⟨
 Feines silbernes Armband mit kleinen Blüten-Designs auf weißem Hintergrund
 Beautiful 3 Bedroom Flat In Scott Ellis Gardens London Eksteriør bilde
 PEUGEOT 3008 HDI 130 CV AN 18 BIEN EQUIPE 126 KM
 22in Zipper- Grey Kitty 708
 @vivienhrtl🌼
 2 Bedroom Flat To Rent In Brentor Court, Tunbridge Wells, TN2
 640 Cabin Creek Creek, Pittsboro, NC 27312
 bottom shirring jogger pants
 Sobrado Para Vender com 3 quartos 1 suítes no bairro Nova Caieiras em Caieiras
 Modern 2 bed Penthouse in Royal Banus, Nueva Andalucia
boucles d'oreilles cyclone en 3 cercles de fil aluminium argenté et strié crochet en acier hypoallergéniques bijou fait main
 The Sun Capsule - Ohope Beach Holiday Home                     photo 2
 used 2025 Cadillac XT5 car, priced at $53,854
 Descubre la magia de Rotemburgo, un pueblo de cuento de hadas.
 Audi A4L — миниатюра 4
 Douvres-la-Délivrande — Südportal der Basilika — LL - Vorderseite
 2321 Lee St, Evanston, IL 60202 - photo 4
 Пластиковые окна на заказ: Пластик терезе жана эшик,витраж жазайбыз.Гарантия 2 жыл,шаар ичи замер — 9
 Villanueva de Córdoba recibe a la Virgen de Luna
⟩
**Task:** Everything from the line with "Douvres-la-Délivrande — Südportal" down to the last line of the data above should be returned exactly, with both ends kept and nothing added.

**Problem solution:**
 Douvres-la-Délivrande — Südportal der Basilika — LL - Vorderseite
 2321 Lee St, Evanston, IL 60202 - photo 4
 Пластиковые окна на заказ: Пластик терезе жана эшик,витраж жазайбыз.Гарантия 2 жыл,шаар ичи замер — 9
 Villanueva de Córdoba recibe a la Virgen de Luna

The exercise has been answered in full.